**INPUT DATA:**
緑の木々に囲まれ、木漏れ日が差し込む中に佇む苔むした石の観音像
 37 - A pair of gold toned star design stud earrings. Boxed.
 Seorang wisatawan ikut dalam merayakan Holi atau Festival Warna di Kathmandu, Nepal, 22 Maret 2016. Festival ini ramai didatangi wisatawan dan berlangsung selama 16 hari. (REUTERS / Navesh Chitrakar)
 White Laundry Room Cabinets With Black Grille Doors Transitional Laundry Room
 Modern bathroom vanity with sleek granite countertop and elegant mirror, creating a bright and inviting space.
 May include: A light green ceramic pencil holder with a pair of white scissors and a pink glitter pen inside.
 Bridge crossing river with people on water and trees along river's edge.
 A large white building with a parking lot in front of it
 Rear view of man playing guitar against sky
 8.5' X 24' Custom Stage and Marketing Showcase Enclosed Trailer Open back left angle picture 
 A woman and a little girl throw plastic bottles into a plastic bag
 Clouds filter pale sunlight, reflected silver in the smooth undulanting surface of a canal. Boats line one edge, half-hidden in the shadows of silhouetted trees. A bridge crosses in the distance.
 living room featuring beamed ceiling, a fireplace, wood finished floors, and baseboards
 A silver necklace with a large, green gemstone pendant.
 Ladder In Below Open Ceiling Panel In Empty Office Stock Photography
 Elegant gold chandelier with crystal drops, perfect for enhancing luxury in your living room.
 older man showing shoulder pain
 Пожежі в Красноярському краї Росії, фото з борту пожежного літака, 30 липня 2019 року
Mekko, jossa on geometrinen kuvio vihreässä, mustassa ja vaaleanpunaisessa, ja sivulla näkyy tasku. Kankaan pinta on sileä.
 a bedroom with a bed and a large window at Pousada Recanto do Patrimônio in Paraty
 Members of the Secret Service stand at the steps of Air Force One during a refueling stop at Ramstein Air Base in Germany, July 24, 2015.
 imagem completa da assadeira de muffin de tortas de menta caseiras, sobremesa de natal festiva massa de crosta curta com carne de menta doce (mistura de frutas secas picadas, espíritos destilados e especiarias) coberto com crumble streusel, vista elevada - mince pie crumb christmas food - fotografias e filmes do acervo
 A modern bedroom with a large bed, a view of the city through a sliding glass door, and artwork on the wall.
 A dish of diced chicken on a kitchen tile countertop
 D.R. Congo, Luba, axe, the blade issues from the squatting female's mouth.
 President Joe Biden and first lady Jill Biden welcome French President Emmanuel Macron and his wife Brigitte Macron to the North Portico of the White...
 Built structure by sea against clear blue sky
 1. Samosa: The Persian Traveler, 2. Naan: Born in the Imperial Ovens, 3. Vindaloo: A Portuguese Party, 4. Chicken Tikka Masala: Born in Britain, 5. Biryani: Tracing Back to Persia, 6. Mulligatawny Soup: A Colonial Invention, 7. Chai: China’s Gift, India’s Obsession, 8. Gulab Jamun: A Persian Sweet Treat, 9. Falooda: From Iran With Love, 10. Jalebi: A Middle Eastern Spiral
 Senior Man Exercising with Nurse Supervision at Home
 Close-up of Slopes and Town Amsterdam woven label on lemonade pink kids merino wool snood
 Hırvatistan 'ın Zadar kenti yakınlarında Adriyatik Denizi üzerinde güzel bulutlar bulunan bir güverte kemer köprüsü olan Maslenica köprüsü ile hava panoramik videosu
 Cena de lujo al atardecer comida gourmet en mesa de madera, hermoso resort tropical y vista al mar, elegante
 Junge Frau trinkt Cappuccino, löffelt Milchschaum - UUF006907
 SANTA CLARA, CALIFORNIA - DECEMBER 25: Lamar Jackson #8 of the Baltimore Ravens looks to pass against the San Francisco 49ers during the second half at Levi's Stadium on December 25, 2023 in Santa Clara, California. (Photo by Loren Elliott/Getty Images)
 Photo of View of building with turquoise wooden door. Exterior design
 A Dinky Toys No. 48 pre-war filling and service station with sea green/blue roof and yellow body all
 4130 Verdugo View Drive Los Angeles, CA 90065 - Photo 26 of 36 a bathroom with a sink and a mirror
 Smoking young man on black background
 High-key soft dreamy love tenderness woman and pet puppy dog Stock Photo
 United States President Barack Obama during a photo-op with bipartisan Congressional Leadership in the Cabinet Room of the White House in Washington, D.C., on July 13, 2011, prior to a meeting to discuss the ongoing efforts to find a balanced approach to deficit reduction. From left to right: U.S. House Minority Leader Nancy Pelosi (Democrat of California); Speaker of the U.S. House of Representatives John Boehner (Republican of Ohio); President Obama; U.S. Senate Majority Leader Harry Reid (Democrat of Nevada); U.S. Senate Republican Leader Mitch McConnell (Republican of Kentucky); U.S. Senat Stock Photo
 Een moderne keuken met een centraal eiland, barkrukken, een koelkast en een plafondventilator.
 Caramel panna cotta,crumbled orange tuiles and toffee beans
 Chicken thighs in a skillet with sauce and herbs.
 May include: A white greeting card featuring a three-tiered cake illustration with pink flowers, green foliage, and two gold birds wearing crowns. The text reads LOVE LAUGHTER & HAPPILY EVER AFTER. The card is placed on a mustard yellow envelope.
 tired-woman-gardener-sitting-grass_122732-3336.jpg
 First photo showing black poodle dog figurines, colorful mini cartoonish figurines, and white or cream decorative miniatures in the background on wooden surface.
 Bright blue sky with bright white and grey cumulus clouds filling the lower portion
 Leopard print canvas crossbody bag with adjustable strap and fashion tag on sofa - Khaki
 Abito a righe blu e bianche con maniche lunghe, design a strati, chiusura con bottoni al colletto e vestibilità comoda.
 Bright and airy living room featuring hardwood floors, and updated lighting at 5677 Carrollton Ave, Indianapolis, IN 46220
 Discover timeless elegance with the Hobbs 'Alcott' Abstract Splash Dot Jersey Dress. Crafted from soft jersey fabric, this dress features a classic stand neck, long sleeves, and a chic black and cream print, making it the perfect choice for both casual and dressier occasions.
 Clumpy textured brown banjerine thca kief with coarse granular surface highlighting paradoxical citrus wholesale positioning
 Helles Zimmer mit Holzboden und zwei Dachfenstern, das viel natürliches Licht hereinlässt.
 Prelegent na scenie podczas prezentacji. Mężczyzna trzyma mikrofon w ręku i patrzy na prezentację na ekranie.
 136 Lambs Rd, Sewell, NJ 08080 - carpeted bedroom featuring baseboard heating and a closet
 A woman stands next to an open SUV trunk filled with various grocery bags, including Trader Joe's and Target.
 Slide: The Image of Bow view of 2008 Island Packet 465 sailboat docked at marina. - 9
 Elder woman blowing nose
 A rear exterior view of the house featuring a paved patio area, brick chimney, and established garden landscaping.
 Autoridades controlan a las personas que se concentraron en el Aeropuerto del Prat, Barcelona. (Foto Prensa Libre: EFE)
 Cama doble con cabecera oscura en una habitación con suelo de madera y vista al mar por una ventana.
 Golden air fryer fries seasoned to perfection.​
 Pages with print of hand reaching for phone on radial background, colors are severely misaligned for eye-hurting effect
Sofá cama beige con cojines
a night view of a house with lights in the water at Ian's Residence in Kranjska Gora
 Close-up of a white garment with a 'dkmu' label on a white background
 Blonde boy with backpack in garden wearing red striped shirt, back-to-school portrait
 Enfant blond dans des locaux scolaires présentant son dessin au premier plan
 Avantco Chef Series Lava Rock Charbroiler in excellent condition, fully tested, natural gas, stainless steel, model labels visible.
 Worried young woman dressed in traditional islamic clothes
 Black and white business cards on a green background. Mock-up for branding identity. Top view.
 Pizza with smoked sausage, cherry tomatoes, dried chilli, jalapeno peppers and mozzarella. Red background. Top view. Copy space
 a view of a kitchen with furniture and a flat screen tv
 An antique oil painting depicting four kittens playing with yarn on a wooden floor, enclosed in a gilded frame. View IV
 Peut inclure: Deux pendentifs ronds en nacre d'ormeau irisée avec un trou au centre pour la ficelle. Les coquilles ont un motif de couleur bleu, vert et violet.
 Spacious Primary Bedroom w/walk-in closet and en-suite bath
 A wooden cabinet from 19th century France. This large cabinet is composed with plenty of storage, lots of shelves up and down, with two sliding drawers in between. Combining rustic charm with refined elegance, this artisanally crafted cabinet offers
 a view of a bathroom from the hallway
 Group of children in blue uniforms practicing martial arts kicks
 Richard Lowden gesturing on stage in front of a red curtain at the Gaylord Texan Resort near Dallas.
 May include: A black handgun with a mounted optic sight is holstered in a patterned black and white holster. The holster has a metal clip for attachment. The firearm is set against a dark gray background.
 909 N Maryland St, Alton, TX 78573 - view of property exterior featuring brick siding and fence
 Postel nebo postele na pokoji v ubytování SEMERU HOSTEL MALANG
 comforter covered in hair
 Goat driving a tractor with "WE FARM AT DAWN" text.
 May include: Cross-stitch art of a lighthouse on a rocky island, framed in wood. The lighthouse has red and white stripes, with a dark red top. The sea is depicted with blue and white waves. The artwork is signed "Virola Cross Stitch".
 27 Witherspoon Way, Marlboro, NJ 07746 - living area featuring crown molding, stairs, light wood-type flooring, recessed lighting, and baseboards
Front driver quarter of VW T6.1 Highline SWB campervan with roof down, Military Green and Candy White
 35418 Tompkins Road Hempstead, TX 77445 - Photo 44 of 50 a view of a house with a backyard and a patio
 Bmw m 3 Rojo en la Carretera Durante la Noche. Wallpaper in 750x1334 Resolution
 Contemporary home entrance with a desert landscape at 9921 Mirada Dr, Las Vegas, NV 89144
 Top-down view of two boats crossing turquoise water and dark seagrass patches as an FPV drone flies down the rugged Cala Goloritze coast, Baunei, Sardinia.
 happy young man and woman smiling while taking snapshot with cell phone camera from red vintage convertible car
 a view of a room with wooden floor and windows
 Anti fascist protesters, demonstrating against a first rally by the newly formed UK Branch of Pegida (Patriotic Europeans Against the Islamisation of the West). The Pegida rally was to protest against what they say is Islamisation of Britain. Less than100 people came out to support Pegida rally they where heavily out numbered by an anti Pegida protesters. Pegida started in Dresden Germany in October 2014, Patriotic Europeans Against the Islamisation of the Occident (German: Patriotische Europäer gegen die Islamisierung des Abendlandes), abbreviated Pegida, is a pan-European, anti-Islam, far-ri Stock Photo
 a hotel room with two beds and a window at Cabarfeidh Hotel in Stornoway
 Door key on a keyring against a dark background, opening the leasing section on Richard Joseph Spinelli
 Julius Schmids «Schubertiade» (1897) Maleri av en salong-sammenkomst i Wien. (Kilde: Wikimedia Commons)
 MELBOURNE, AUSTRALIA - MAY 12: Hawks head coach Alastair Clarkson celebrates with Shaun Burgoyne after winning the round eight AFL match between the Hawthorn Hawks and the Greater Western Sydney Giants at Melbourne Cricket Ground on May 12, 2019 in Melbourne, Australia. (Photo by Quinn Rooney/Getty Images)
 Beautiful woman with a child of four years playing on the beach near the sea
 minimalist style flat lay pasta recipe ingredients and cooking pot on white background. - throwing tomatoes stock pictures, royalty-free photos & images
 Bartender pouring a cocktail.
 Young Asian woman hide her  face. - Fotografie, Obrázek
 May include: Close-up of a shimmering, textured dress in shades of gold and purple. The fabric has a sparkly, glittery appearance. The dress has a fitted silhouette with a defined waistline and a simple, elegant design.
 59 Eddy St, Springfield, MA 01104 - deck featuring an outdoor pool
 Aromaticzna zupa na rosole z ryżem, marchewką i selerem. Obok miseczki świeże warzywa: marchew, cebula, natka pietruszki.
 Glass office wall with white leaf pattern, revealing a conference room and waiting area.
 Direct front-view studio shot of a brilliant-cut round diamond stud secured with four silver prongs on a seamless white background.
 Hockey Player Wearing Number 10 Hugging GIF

**YOUR ASSIGNMENT:** Your task for the entries above: copy exactly the span starting with the line with "Mekko, jossa on" and going on through the line with "Photo of View", both lines included, and nothing else.

**RESPONSE TO THIS TASK:**
Mekko, jossa on geometrinen kuvio vihreässä, mustassa ja vaaleanpunaisessa, ja sivulla näkyy tasku. Kankaan pinta on sileä.
 a bedroom with a bed and a large window at Pousada Recanto do Patrimônio in Paraty
 Members of the Secret Service stand at the steps of Air Force One during a refueling stop at Ramstein Air Base in Germany, July 24, 2015.
 imagem completa da assadeira de muffin de tortas de menta caseiras, sobremesa de natal festiva massa de crosta curta com carne de menta doce (mistura de frutas secas picadas, espíritos destilados e especiarias) coberto com crumble streusel, vista elevada - mince pie crumb christmas food - fotografias e filmes do acervo
 A modern bedroom with a large bed, a view of the city through a sliding glass door, and artwork on the wall.
 A dish of diced chicken on a kitchen tile countertop
 D.R. Congo, Luba, axe, the blade issues from the squatting female's mouth.
 President Joe Biden and first lady Jill Biden welcome French President Emmanuel Macron and his wife Brigitte Macron to the North Portico of the White...
 Built structure by sea against clear blue sky
 1. Samosa: The Persian Traveler, 2. Naan: Born in the Imperial Ovens, 3. Vindaloo: A Portuguese Party, 4. Chicken Tikka Masala: Born in Britain, 5. Biryani: Tracing Back to Persia, 6. Mulligatawny Soup: A Colonial Invention, 7. Chai: China’s Gift, India’s Obsession, 8. Gulab Jamun: A Persian Sweet Treat, 9. Falooda: From Iran With Love, 10. Jalebi: A Middle Eastern Spiral
 Senior Man Exercising with Nurse Supervision at Home
 Close-up of Slopes and Town Amsterdam woven label on lemonade pink kids merino wool snood
 Hırvatistan 'ın Zadar kenti yakınlarında Adriyatik Denizi üzerinde güzel bulutlar bulunan bir güverte kemer köprüsü olan Maslenica köprüsü ile hava panoramik videosu
 Cena de lujo al atardecer comida gourmet en mesa de madera, hermoso resort tropical y vista al mar, elegante
 Junge Frau trinkt Cappuccino, löffelt Milchschaum - UUF006907
 SANTA CLARA, CALIFORNIA - DECEMBER 25: Lamar Jackson #8 of the Baltimore Ravens looks to pass against the San Francisco 49ers during the second half at Levi's Stadium on December 25, 2023 in Santa Clara, California. (Photo by Loren Elliott/Getty Images)
 Photo of View of building with turquoise wooden door. Exterior design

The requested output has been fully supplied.